The other thing I want to mention is that morning at first light in the garden where the tomb was. Some say I went alone, some that I was with a group of women. To be honest, I can’t remember who was there. I was in a daze. I was in shock. But I do know this: something happened there – I’m still trying to sort it out in my head – but whatever it was has kept the words of that Psalm going round and round inside me: ‘Let me hear joy and gladness. Let the bones you have crushed rejoice… A broken and contrite heart you will not despise’.
So how do I go on after that? I will go back up north, to Galilee, to Magdala. There is a fine synagogue there, not far from the lake. I have relatives there who I have not seen for a while. I feel I should speak to them, explain, if I can, where I have been and what I have been doing. Maybe they’ll let me speak in the synagogue. ‘O Lord, open my lips and my mouth will declare your praise’, as it says.

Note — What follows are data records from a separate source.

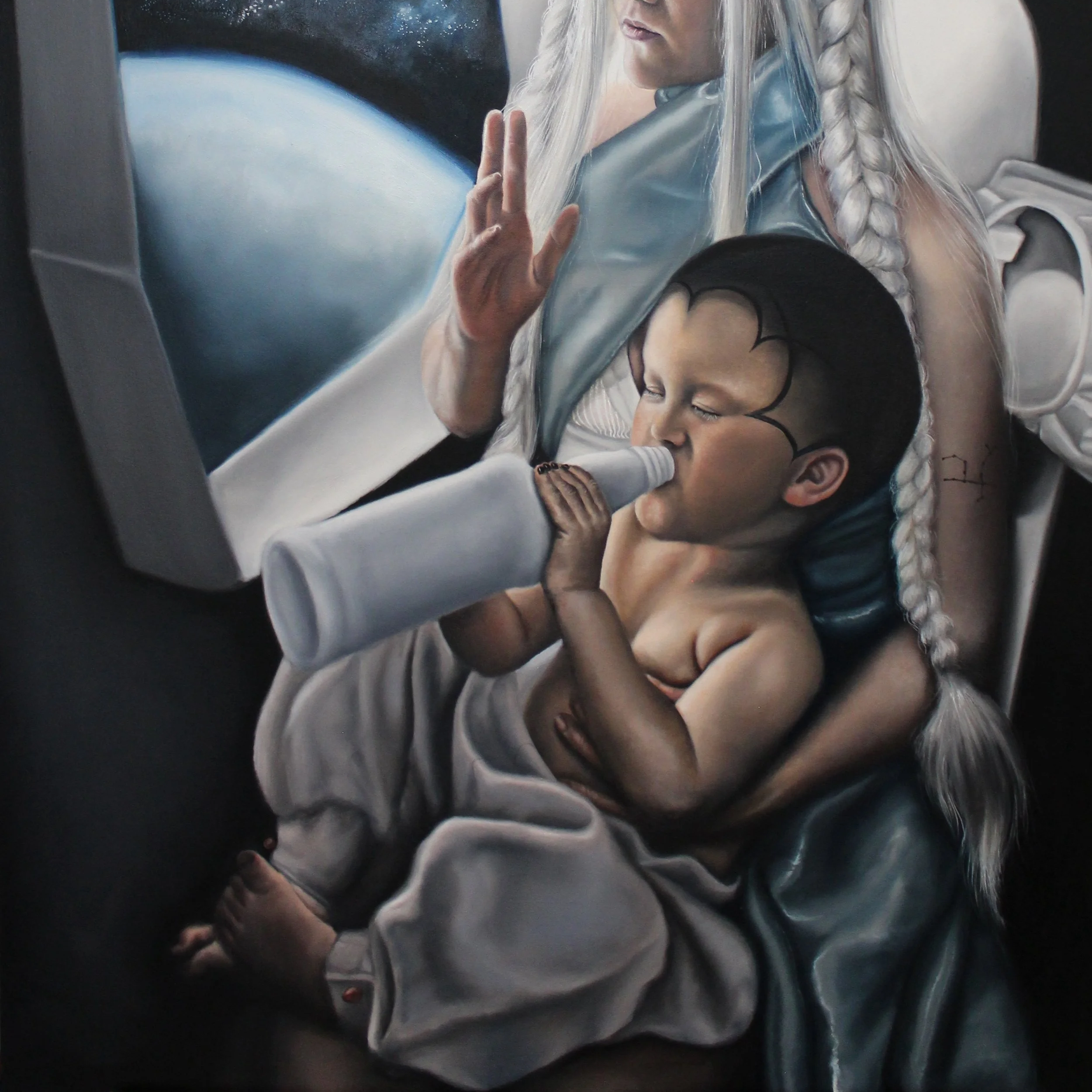 Space Queen in Contemplation (self-portrait with son)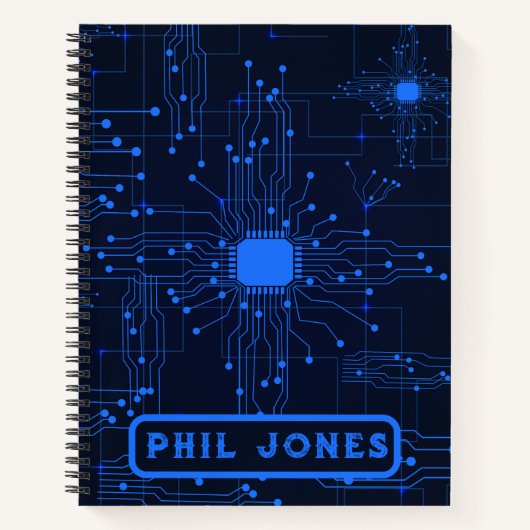 Futuristisch blauw printplaatpatroon notitieboek (Voorkant)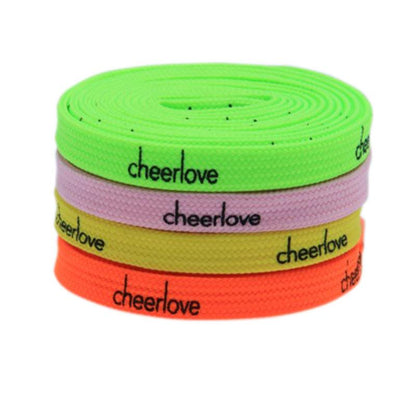 Weiou New All-Matched Shoelaces 7 MM Flat Printed Cheerlove Letters Polyester Shoestrings For Men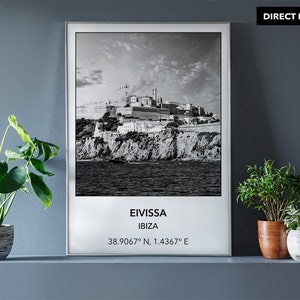 Digital Photo of Eivissa Ibiza, Spain, Ibiza-Old Town, Europe, City, Black White, Location, Printable Wall Art, Print, Poster, Coordinates image 2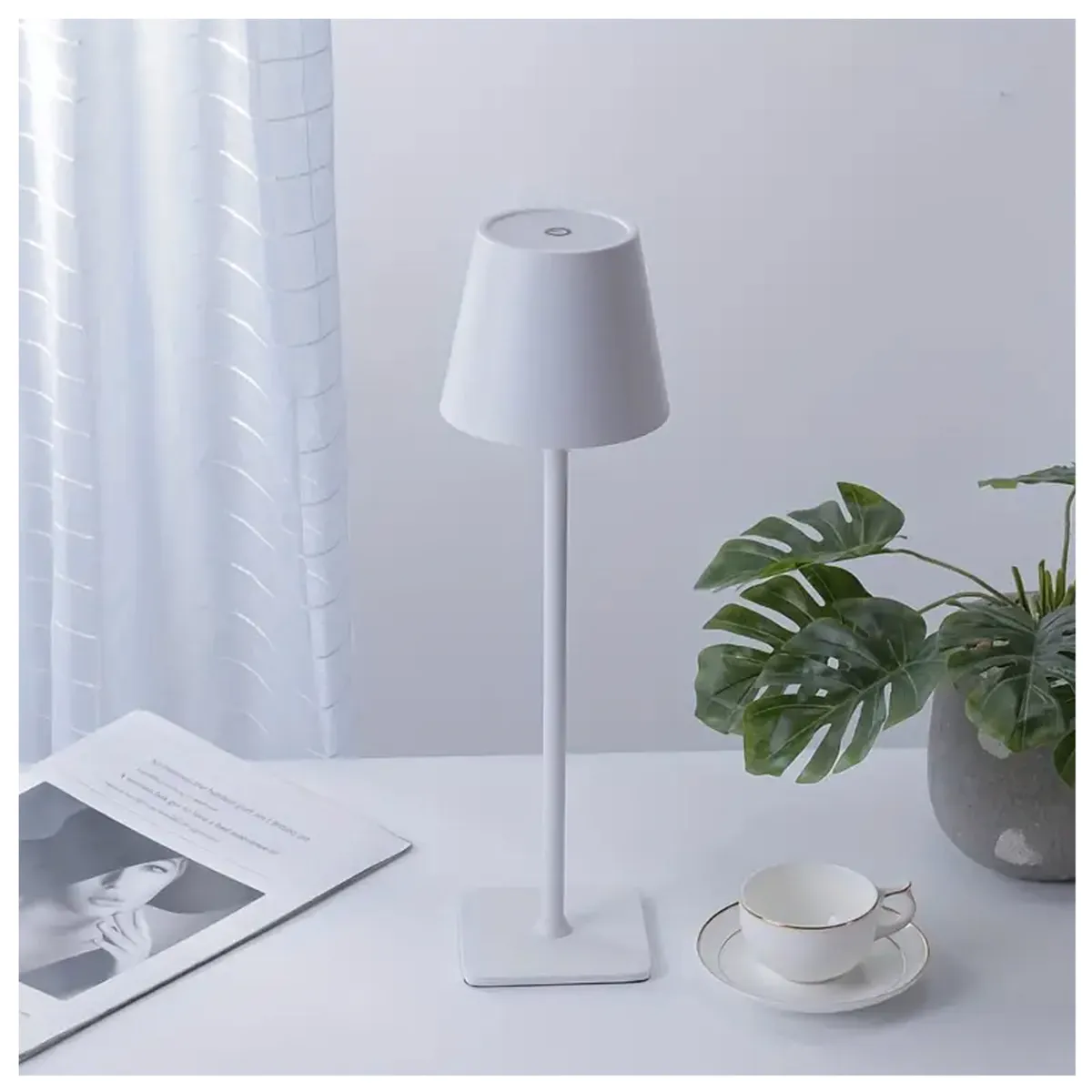 HB LEDS - Lampara de Mesa LED táctil inalámbrica y recargable Blanco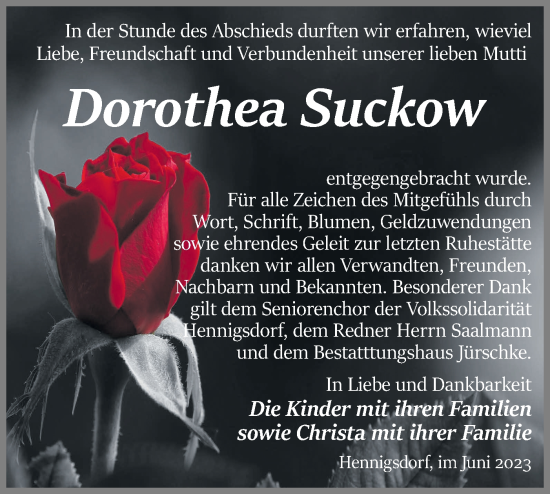 Traueranzeige von Dorothea Suckow von Märkische Oderzeitung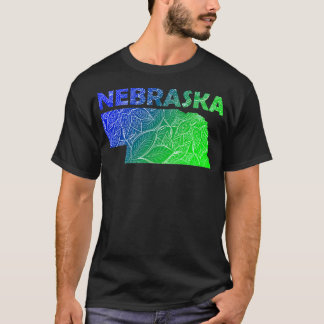 Kleurrijke mandala kunstkaart van Nebraska met tek T-shirt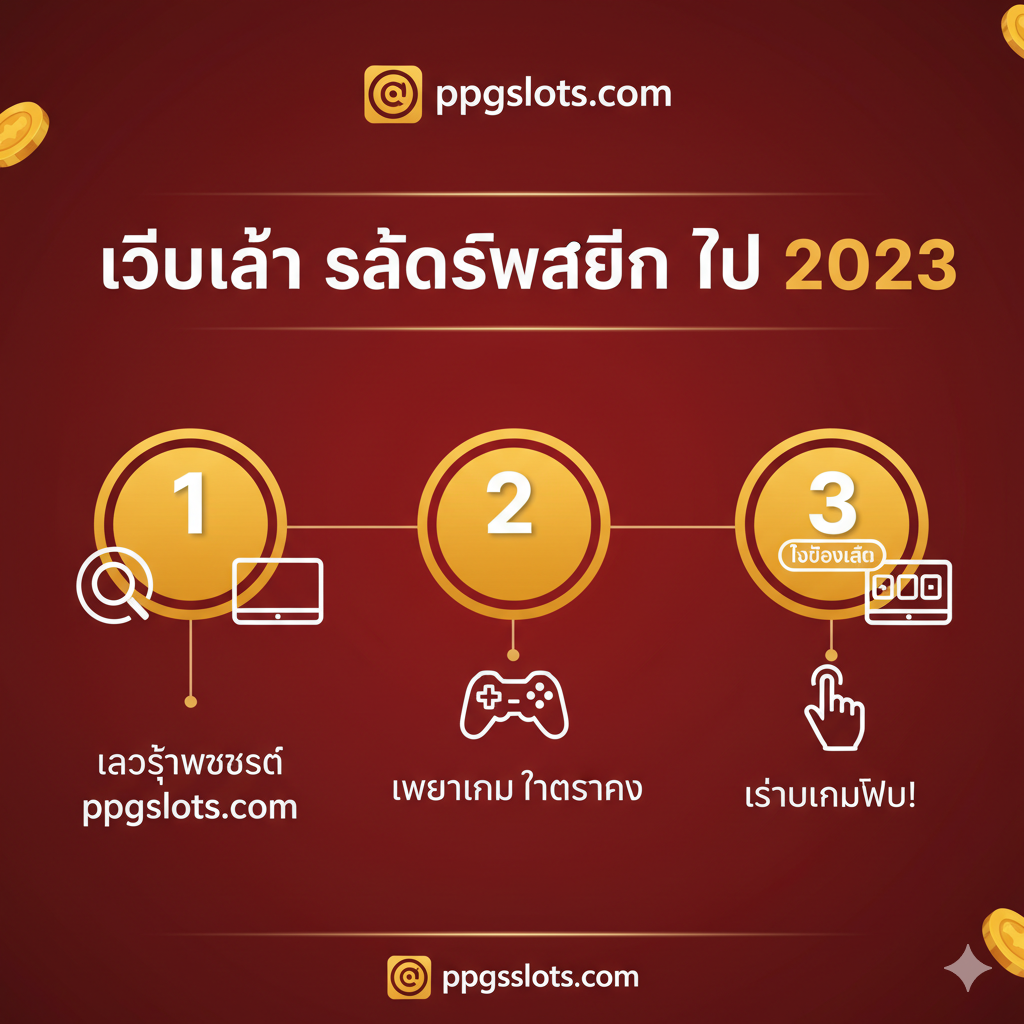 รูปภาพบทช่วยสอนและขั้นตอนการแนะนำ ใช้องค์ประกอบผังงานเพื่อแสดงขั้นตอนในการเริ่มเล่นเกมฟรี ขั้นตอนการเล่น 'Slot Da Bar Gratis' (เช่น 1.เข้าสู่ ppgslots.com 2.เลือกเกม 3.คลิก 'ทดลองเล่น') เชื่อมโยงด้วยหมายเลขและไอคอนง่าย ๆ (เช่น แว่นขยาย, ไอคอนเกม, ไอคอนคลิกด้วยมือ) โทนสีควรสอดคล้องกับสีหลักของ ppgslots.com (เช่น สีแดง/ทอง) เพื่อให้แน่ใจว่าขั้นตอนชัดเจนและอ่านง่าย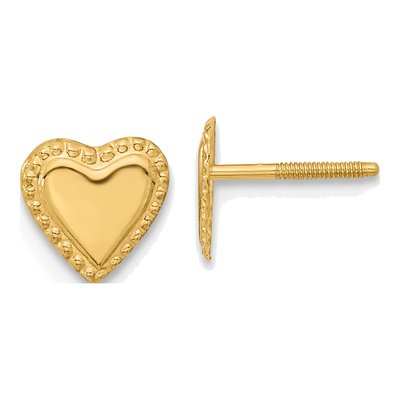 14K Yellow Gold Heart for Girls Stud Earrings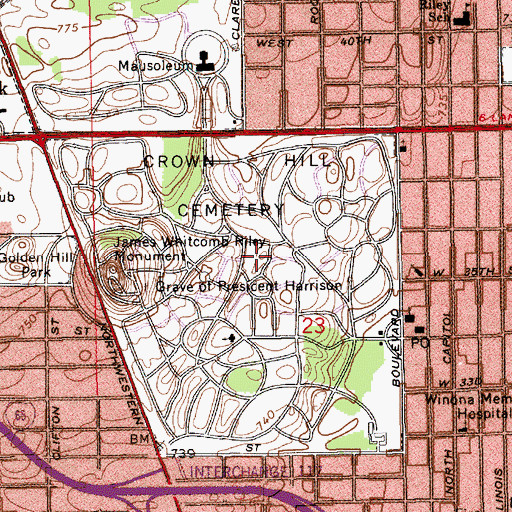 Topographic Map of Crown Hill National Cemetery, IN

I hope they will take me back without too much fuss. He used to call me ‘The Prodigal Daughter’! Perhaps I’ll get lucky, like the boy in the story he used to tell.
People have started going off in other directions, but I think I should go home for now. Galilee was where it started, but I do not think it will end there. ‘Do good to Zion in your good pleasure. Rebuild the walls of Jerusalem.’